The release is expected to start in about two years, part of the plant’s already difficult decommissioning process, which will likely take decades. A government panel’s recommendation that the radioactive water be gradually released into the sea has faced fierce opposition from local residents, and a decision is still pending.
Kajiyama told Grossi that his government is now in the final stage before announcing what to do with the water. Japanese officials have said the country will ensure the highest levels of safety and transparency, in order to gain understanding from the international community about the planned water release.
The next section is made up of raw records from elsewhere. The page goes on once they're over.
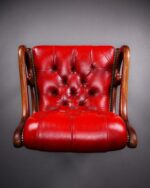 Kırmızı Deri Koltuklar - Çift - Kod 3721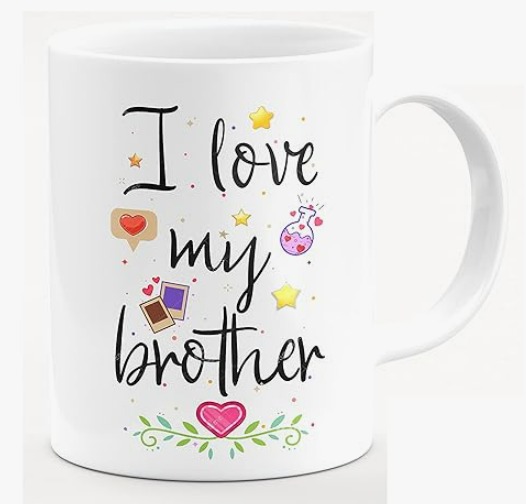 High Quality Printed Mug Gift For Brother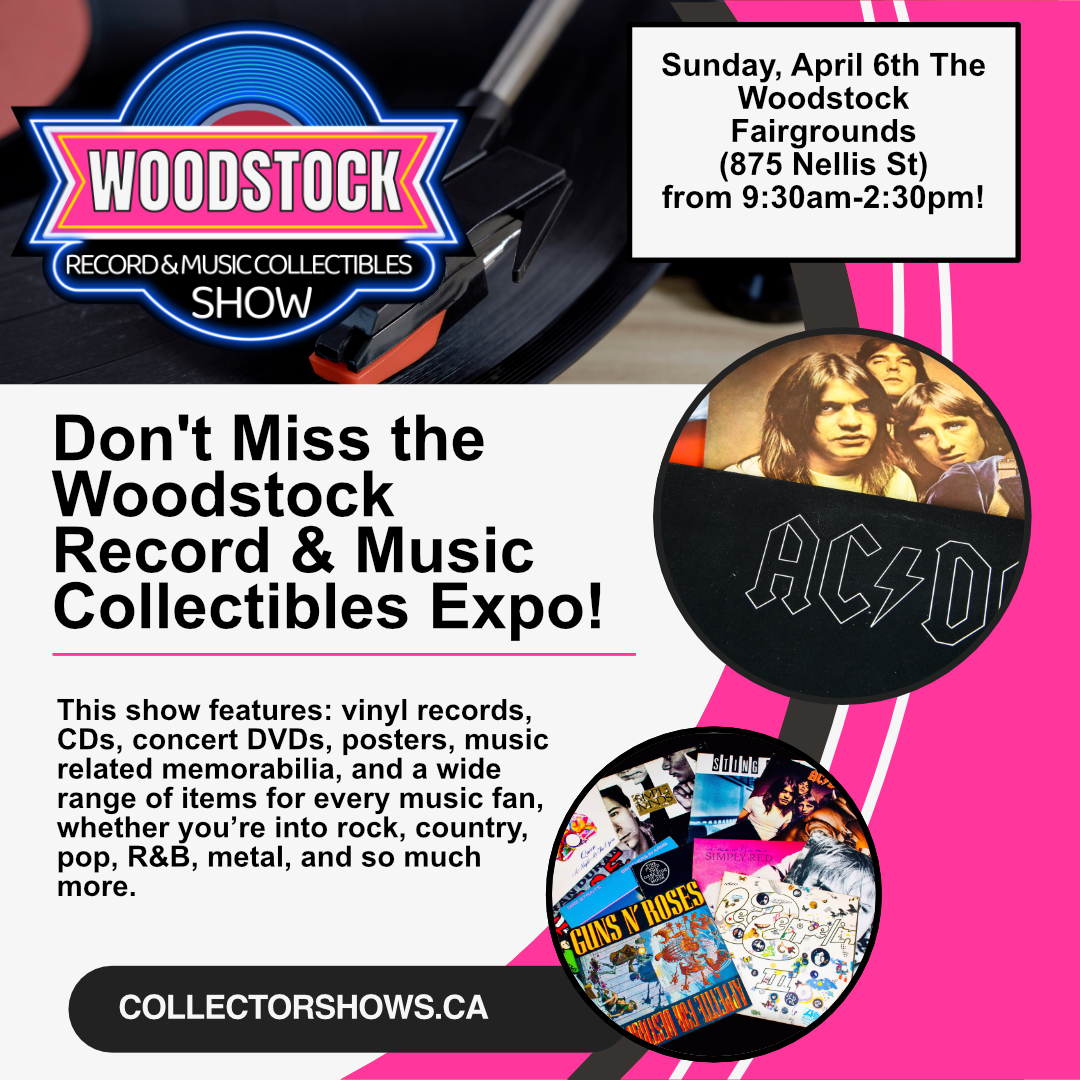 April 6th: The Woodstock Record & Music Collectibles Show!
In 2011, a powerful magnitude 9.0 earthquake and tsunami damaged the Fukushima plant’s cooling systems, causing three reactor cores to melt and nuclear fuel to fall to the bottom of their primary containment vessels.
In the decade since, cooling water has been escaping constantly from the damaged primary containment vessels into the basements of the reactor buildings. To make up for the loss, additional cooling water has been pumped into the reactors to cool the melted fuel remaining inside them. Water is also pumped out and treated, part of which is recycled as cooling water, and the remainder stored in around 1,000 tanks.
Both Tokyo Electric Power Co., which operates the plant, and the government are currently stuck with some 1.24 million tons of radioactive water, while also facing the public’s concerns about radiation and distrust regarding TEPCO’s safety culture.
The operator says the tanks’ 1.37-million-ton storage capacity will be full in 2022, and that tanks will need to be removed to make room to build decommissioning facilities.
As officials struggle to finalize the water removal plan, they say cooperation with outside experts is crucial, and Japan hopes IAEA involvement in safety reviews and monitoring will help increase transparency and public trust.